Power systems such as electrical power distribution or transmission systems are used to supply, transmit and use electric power. High Voltage Direct Current (HVDC) power transmission is becoming increasingly important due to increasing need for power supply or delivery, interconnected power transmission and distribution systems and long transmission distances from generation stations to load centers.
An HVDC converter station is a type of station configured to convert high voltage direct current (DC) to alternating current (AC) or the reverse. An HVDC converter station may comprise a plurality of elements such as the converter itself (or a plurality of converters connected in series or in parallel), an alternating current switch gear, transformers, capacitors, filters, a direct current switch gear and/or other auxiliary elements. Electronic converters may comprise a plurality of solid-state based devices such as semiconductor devices and may be categorized as line-commutated converters, using e.g. thyristors as switches, or voltage source converters, using transistors such as insulated gate bipolar transistors (IGBTs) as switches (or switching devices). A plurality of solid-state semiconductor devices such as thyristors or IGBTs may be connected together, for instance in series, to form a building block, or cell, of an HVDC converter, which may also be referred to as an HVDC converter valve. According to one example, a plurality of solid-state semiconductor devices such as thyristors or IGBTs may be connected in series in a cell of an HVDC converter. During normal operation of e.g. an HVDC power transmission system or an HVDC grid including the HVDC converter, the solid-state semiconductor devices in the HVDC converter may at times be in a conducting mode in which they are conducting current and at other times be in a blocking mode, in order to attain a desired or required wave form of the current, as known in the art.

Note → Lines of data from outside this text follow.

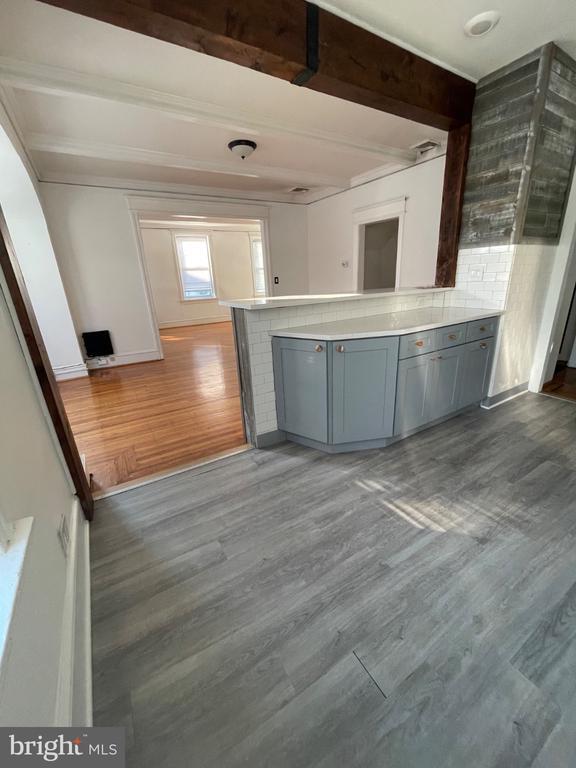 Photo - 114 Levering St
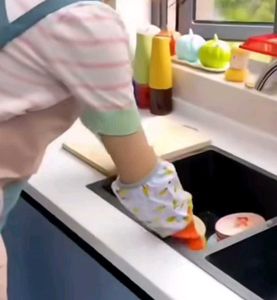 Extra long washing gloves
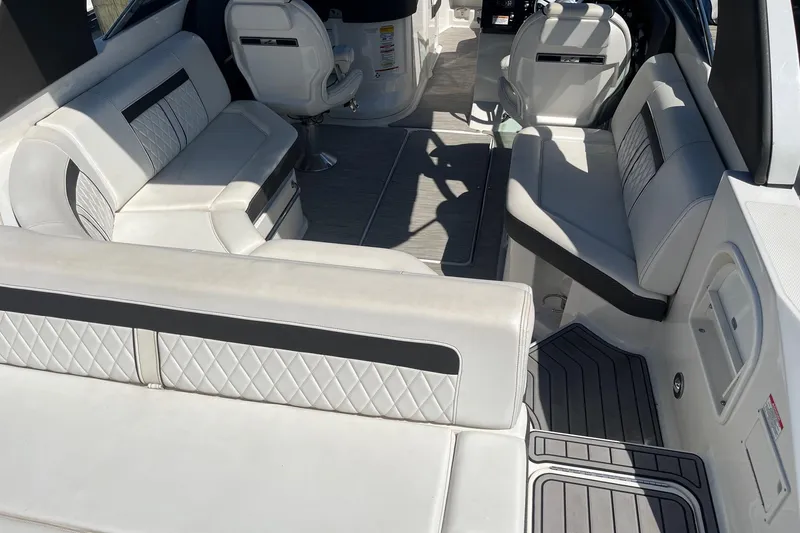 Slide: The Image of Manufacturer Provided Image: Top view layout of 2018 Sea Ray SLX 250 boat with seating and head options. - 37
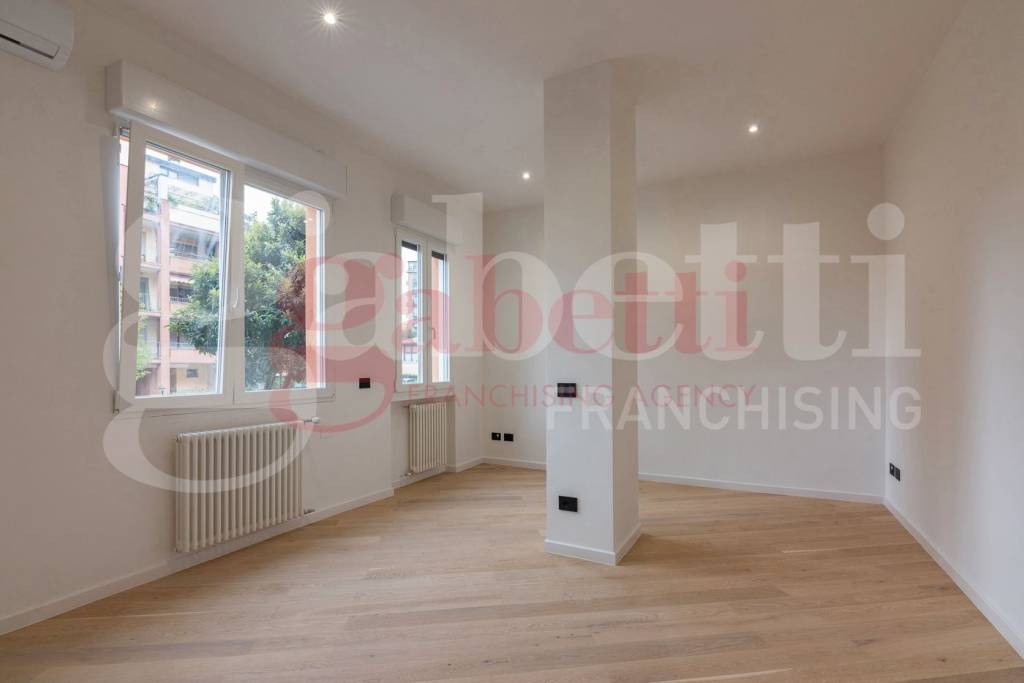 appartamento in vendita a Milano in zona Famagosta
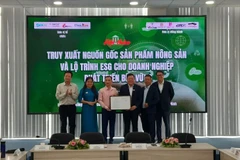 Trao quyết định tiếp nhận dự án tham gia chương trình ươm tạo cho Công ty cổ phần Công nghệ Checkee.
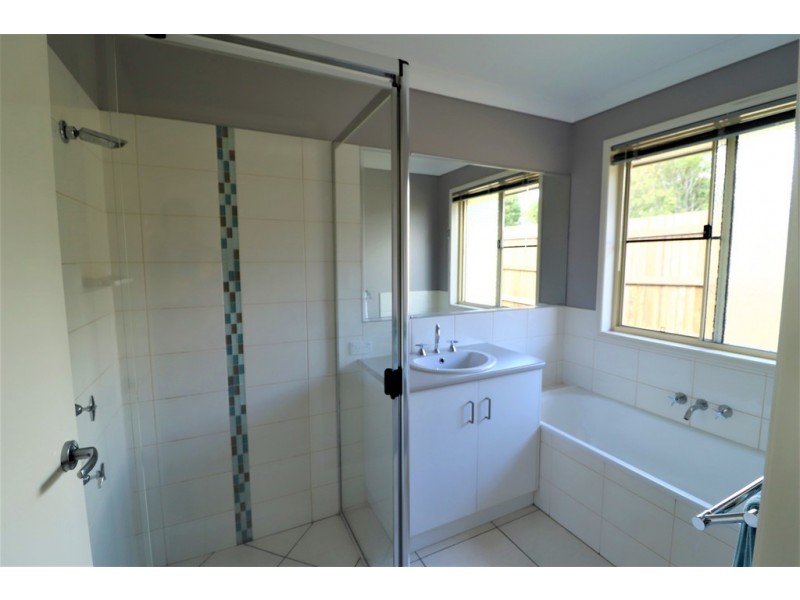 5 Alexander Close, Crows Nest QLD 4355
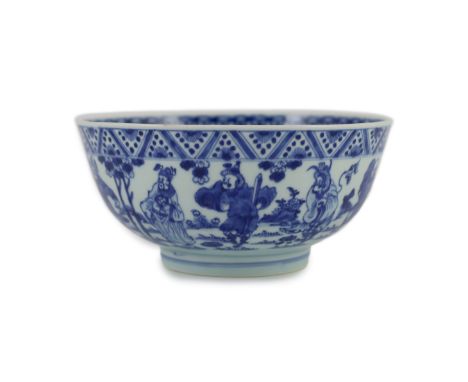 A Chinese blue and white ‘foreign ambassadors’ bowl, Kangxi/Yongzheng period, painted to the interior with a four claw dragon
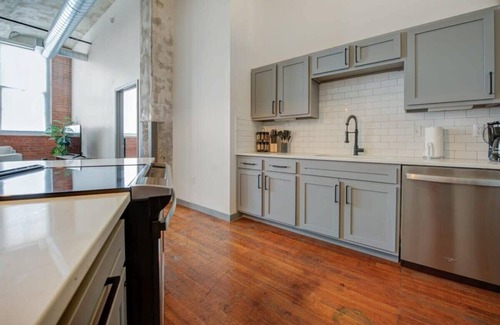 Crossroads Arts District Apartment | 2BR/2BA Spacious Historic Loft With Gym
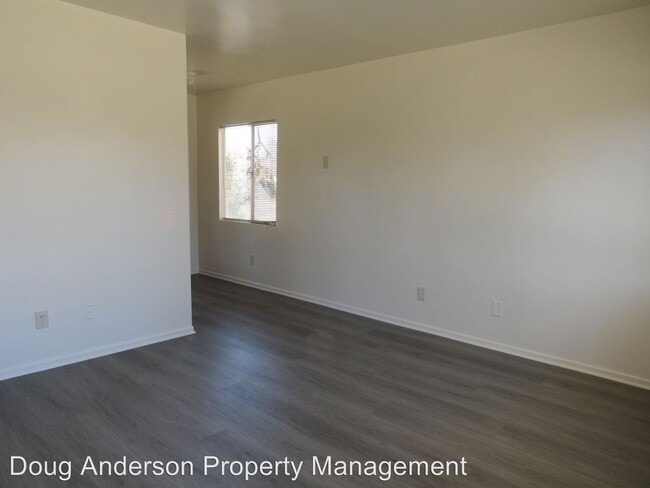 Building Photo - 4024 W Ave L
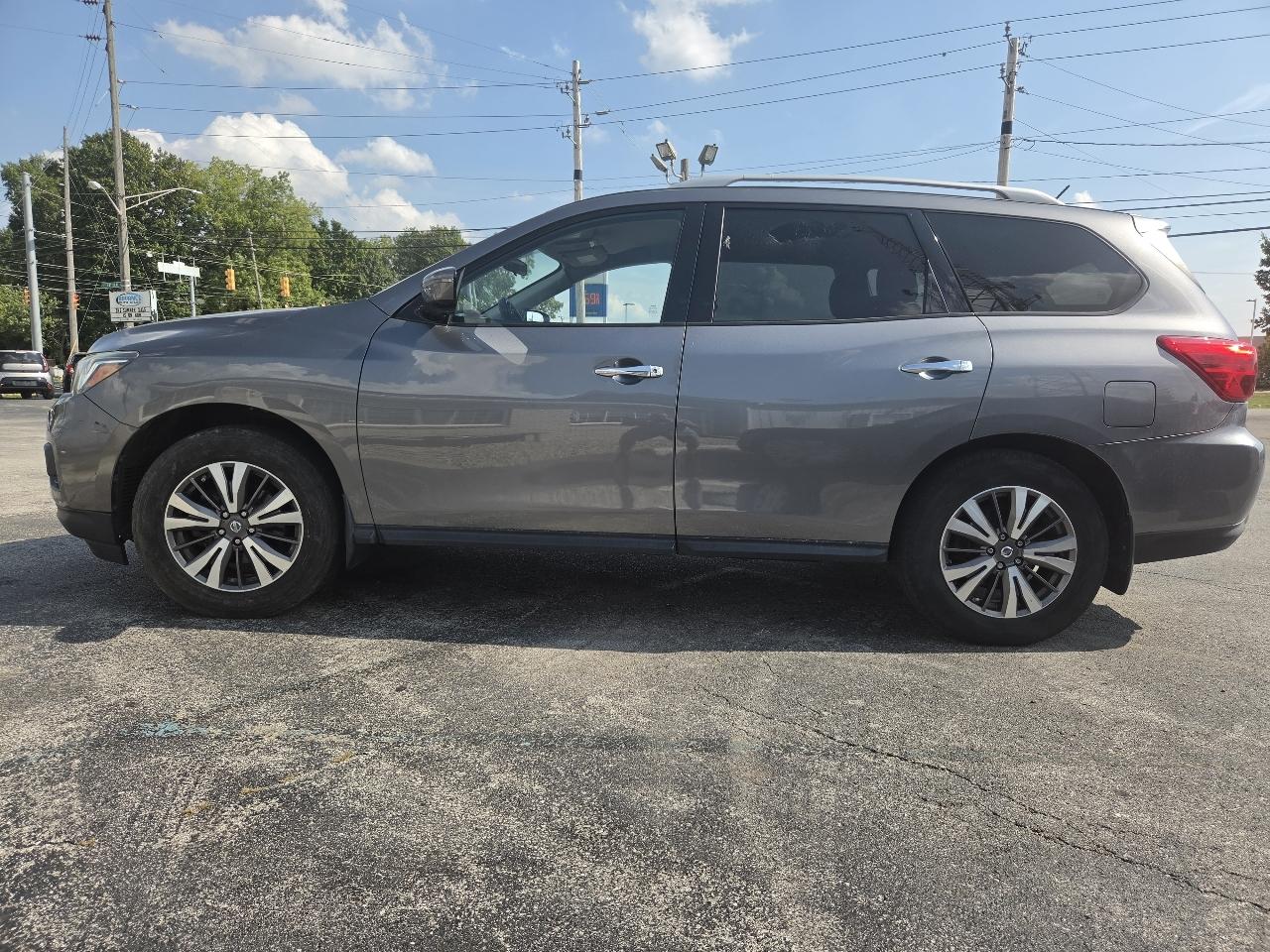 2017 Nissan Pathfinder S 4WD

Components in a power system such as a HVDC power system operating at relatively high DC voltages may be electromagnetically shielded in order to reduce or eliminate the risk of partial discharges, arcing or flashovers occurring between the component and for example a wall, floor or ceiling within a building in which the component is arranged. For example, an HVDC converter is often arranged in a purpose-built building, which may be referred to as a valve hall or converter hall, for accommodating the HVDC converter. The required air clearance between the component and for example a wall, floor or ceiling within a building in which the component is arranged may at least in part depend on the electromagnetic shielding capacity or capabilities of the electromagnetic shield and/or the required or intended operating voltage of the power system.